* **SOURCE DATA**:
......
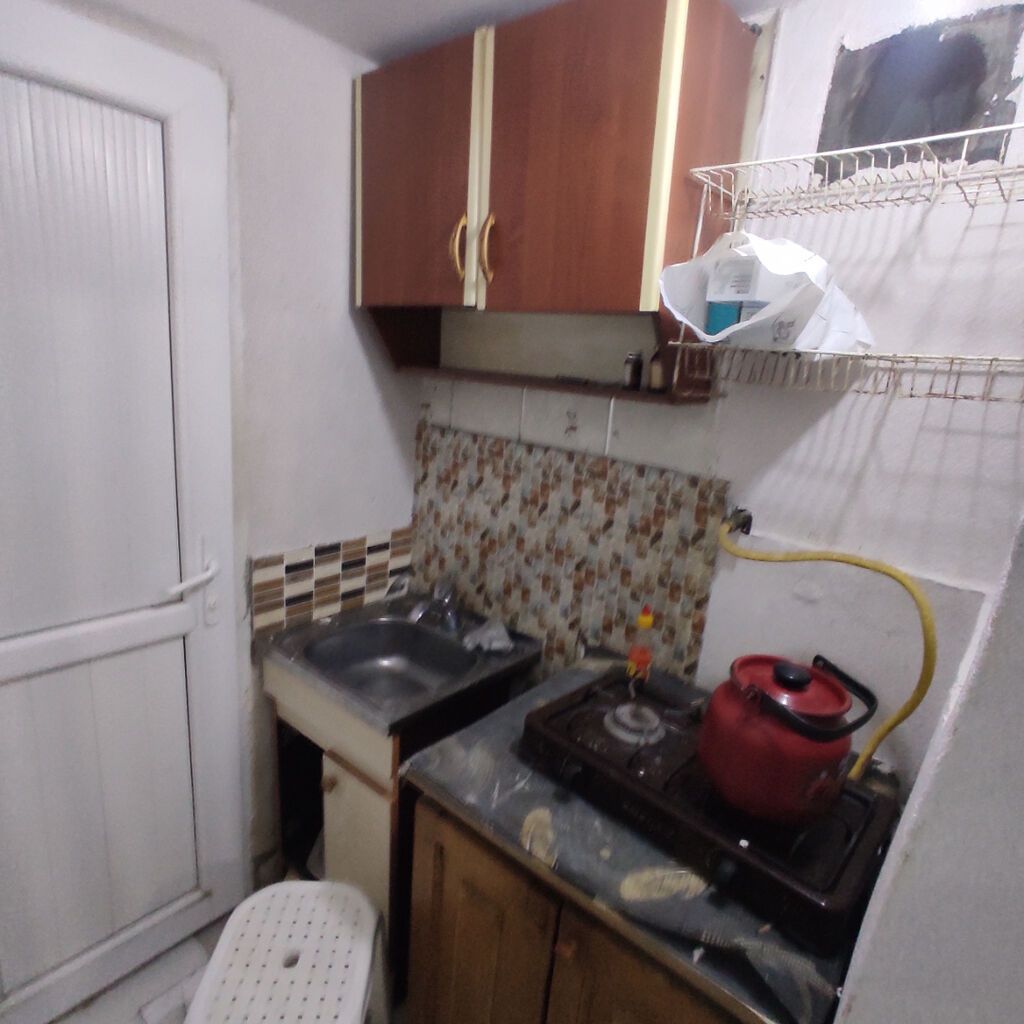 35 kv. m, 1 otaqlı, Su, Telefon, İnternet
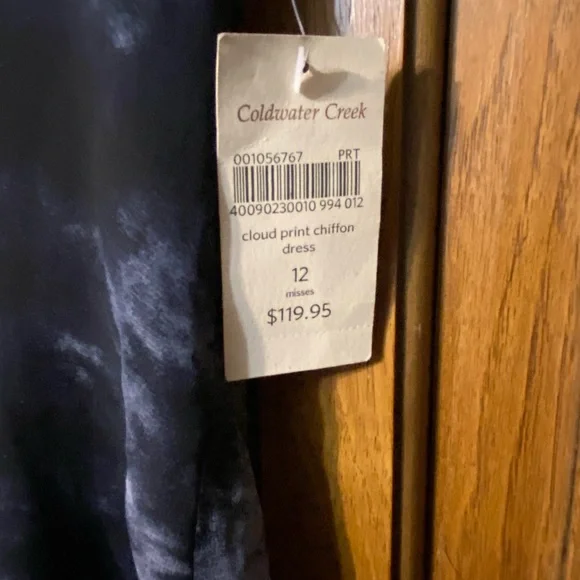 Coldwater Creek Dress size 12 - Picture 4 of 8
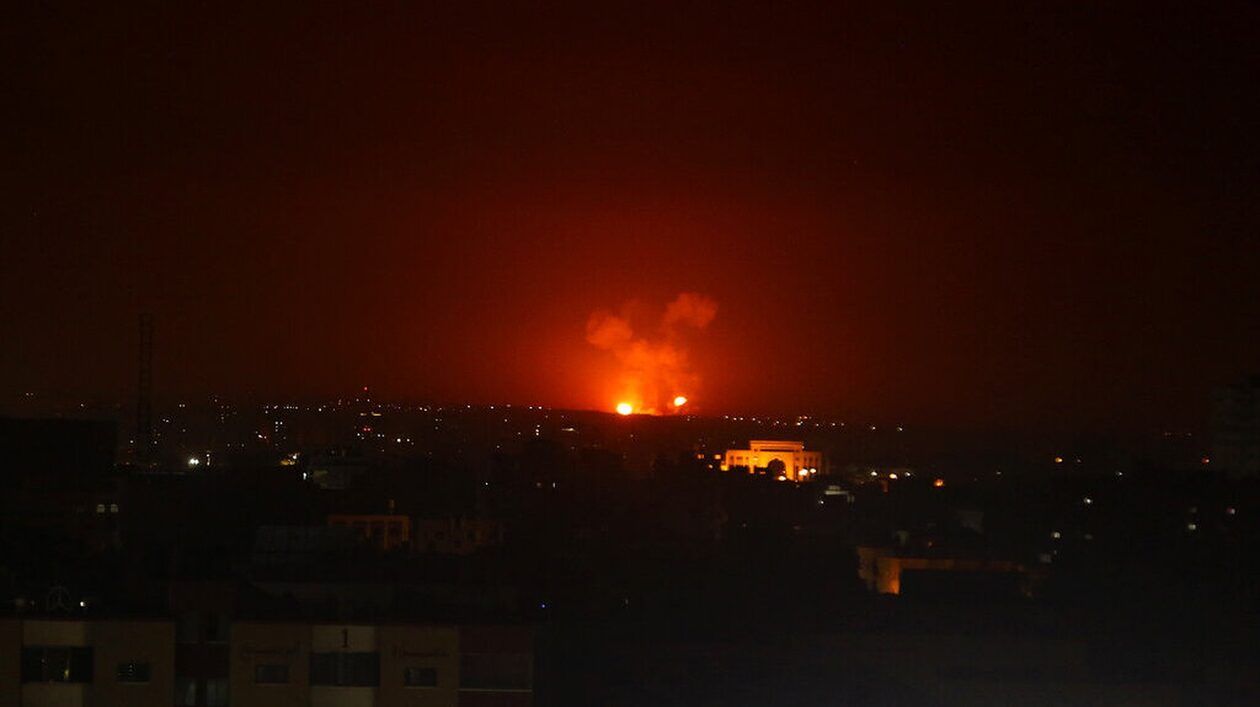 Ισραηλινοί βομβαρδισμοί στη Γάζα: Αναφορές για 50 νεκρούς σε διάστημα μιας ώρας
......
* **WHAT IS EXPECTED**:
Write out, exactly and only, the lines from the one containing "Coldwater Creek Dress" through the last line of the material above. Pictures do not go in the copy.

* **WRITTEN REPLY**:
 Coldwater Creek Dress size 12 - Picture 4 of 8
 Ισραηλινοί βομβαρδισμοί στη Γάζα: Αναφορές για 50 νεκρούς σε διάστημα μιας ώρας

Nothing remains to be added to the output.